First comes God the Father, or Creator, who was there before anything else. “In the beginning when God created the heavens and earth, the earth was a formless void,” scripture begins.
Then “a wind from God,” God’s spirit, swept over the face of the waters. And then the Word went out from God and said, “Let there be light,” and there was light.
As the Gospel of John says, “In the beginning was the Word,” the word that later takes on flesh and blood in Christ.
God as Father or Creator, God as the Word or Son, God as Wind or Spirit. Think about how our faith would be diminished if we did not understand that the one God is revealed to us in these three different ways.
God the Father or Creator is the God who can do mysterious, powerful and wonderful things; the God who has only to speak to create life. God the Creator delights in creation, blesses it and proclaims it good.
This God is sometimes seen as the transcendent God, who can seem distant, remote, and difficult to approach. But the Trinity tells us that God does not stay remote in the heavens, but also comes to be with us in person as the Christ, God’s own son, who walked the earth with and for us.

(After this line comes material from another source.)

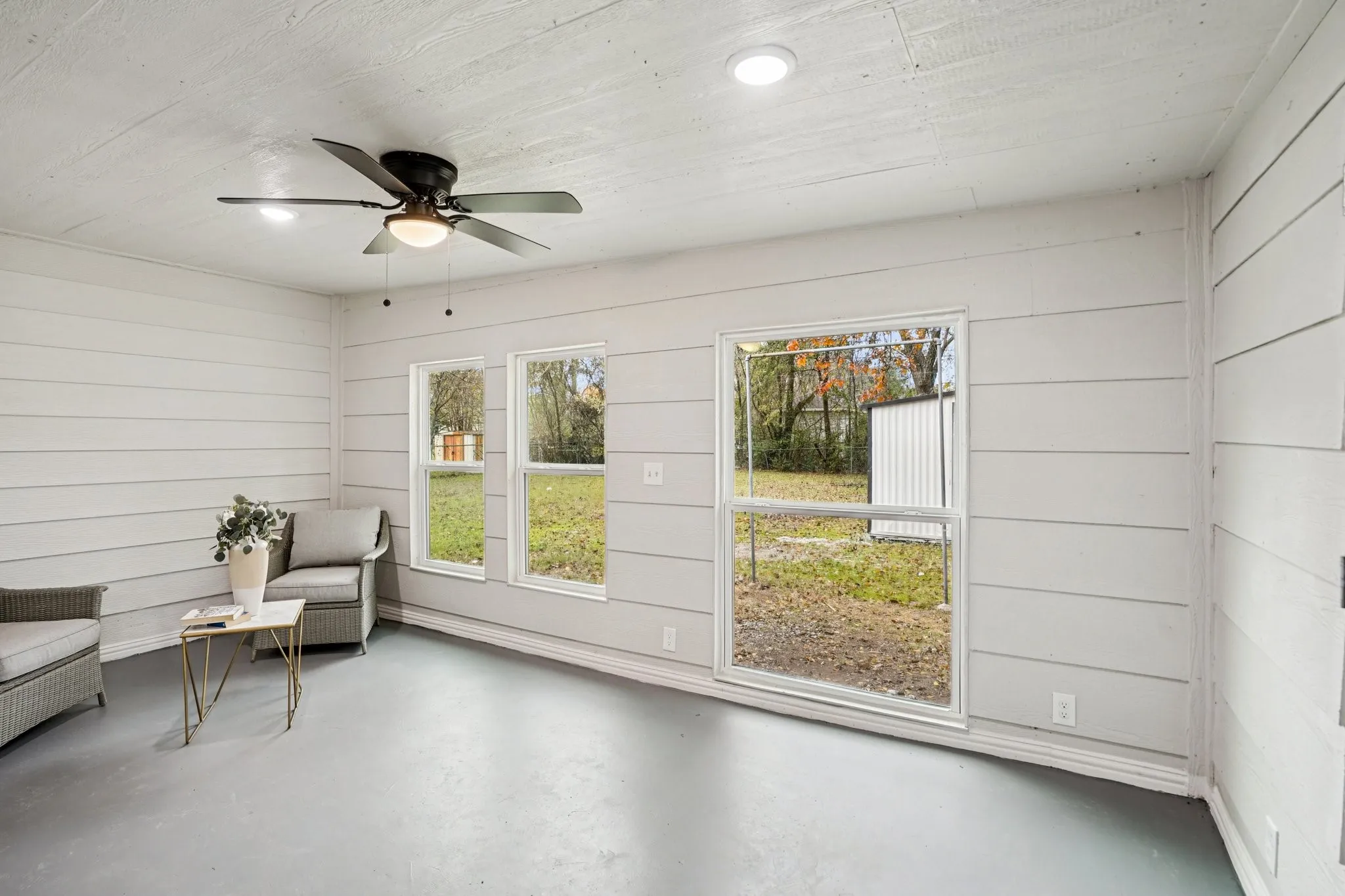 Single Family Residence For Sale in Kaufman County , 305 Westvue Street, Terrell, Texas 75160, 3 Bedroom, 2 Bathroom, 1 Garage spaces, 1,772 Sqft, built in 1954, mls#21134957, Real Estate Agent in Terrell, Homes For Sale in Kaufman county, Homes For Sale in Terrell, Realtor in Terrell Texas, Real Estate Brokerage Independent Realty Texas, Luminita Cordes Realtor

This God is with us, a personal God who cares about us deeply, so deeply that God is willing to die for us. Through Christ’s teaching and life, he shows us how we are to live, and how we are to die – as redeemed and beloved sons and daughters of God.

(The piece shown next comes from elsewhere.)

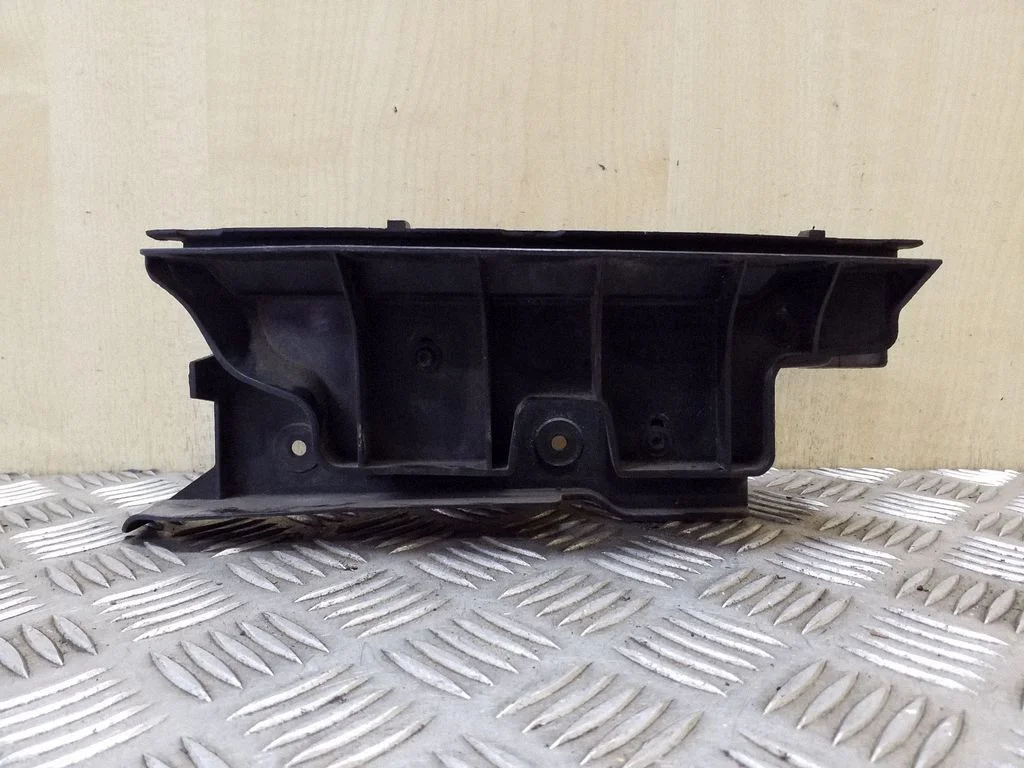 Rear bumper mounting bracket – Audi A6 Allroad C6 (2006-2011)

But the Trinity doesn’t stop there; leaving us only with a 2,000-year-old memory of God’s son who once walked the earth. The Trinity means that God is not just with us in history, in a remote and distant past.

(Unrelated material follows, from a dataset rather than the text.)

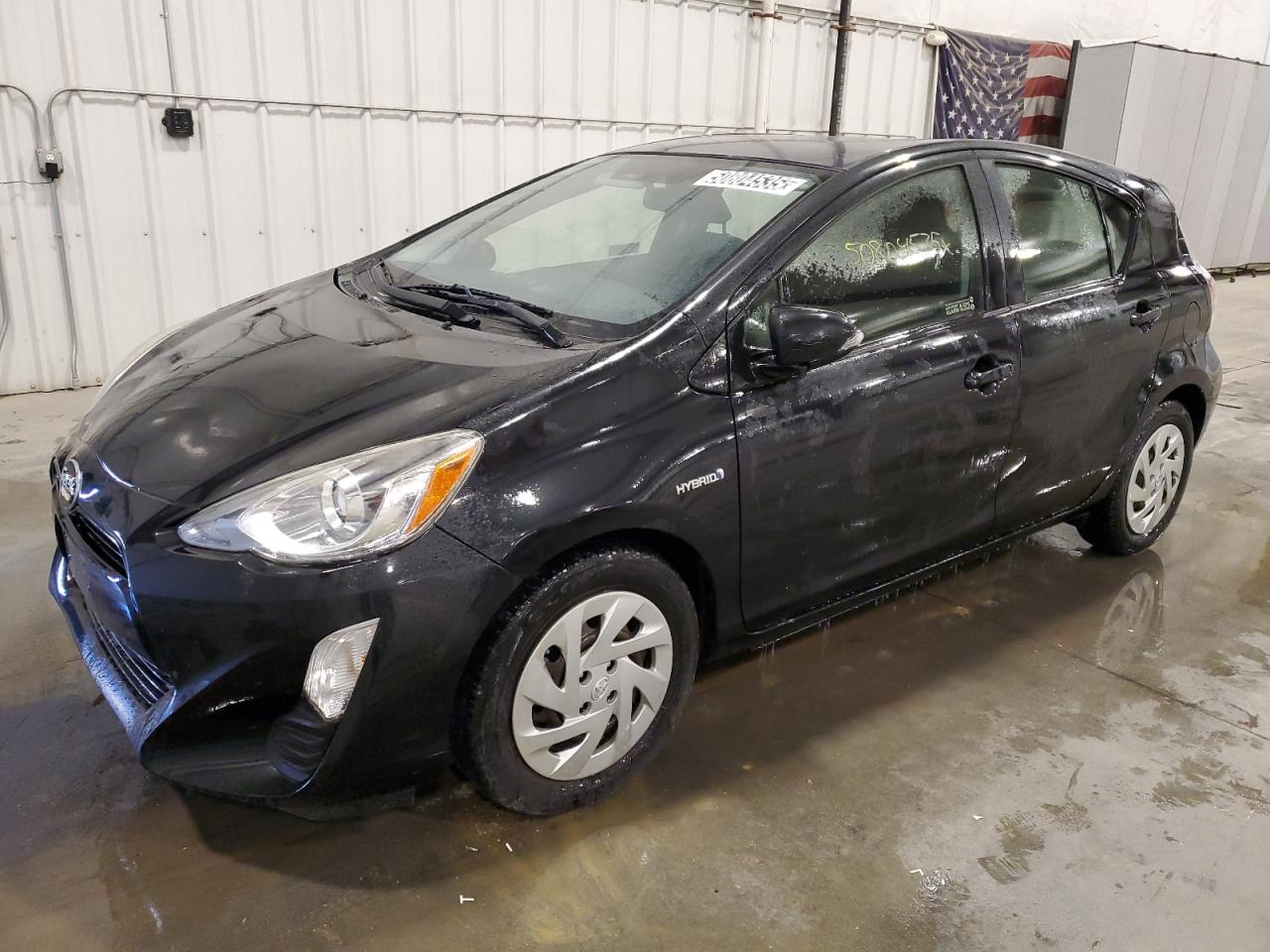 TOYOTA PRIUS C 2016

God as Holy Spirit is with us now, present with us always, sustaining us, guiding and teaching us, and giving us comfort and strength.
This is the Spirit who comes to us from the Creator and the Son as our advocate and sustainer, in all that we are and all that we do.
The fullness of God was present at the creation of the world. The fullness of God lived, died, and rose again in the midst of the disciples. And the fullness of God is with us today.
This fullness of God’s presence with us we name as Father, Son, and Holy Spirit, a divine and holy communion in which we are all called to participate.
The Trinity shows us that we have at the core of our faith not a solitary, self-centered and unapproachable God, but a God who desires community from the beginning of time, a God who goes forth and reaches out to embrace, a God who is in love with and delights in the divinely-created universe.
In fact, one of Christianity’s greatest theologians, Augustine, describes the Trinity as “love going forth.”
Theologian Catherine Lacugna says that “the point of Trinitarian theology is to convey that it is the essence or heart of God to be in relationship to other persons; that there is no room for division or inequality or hierarchy in God.”
Love going forth, community, radical equality. These characteristics are at the core of our understanding of God.
I once heard it suggested that we become like the God we worship.
If the Trinity is indeed the God we worship, then it has clear implications for how we are to treat one another.
If the God of the Trinity is at the heart of our faith, then loving relationships among people who are radically equal must be at the heart of our communities.
Just as there is a holy communion among Father, Son, and Holy Spirit, there should be the same holy communion among the people God has created. All are equal, and all are necessary.
If the Church is to be reflective of the Trinity we worship, then it must be an icon of inclusiveness, compassion, forgiveness and love.
That is why the Church, and we as Christians, are obligated to speak out against injustice, to take to the streets if necessary to stand up for the vulnerable, the outcast, the marginalized.
The Trinity calls the Church – calls us – to make God’s love visible in the world, to work always for justice and peace and healing for all of God’s people and all of God’s creation, to never be satisfied with a status quo that treats any of God’s children as lesser human beings.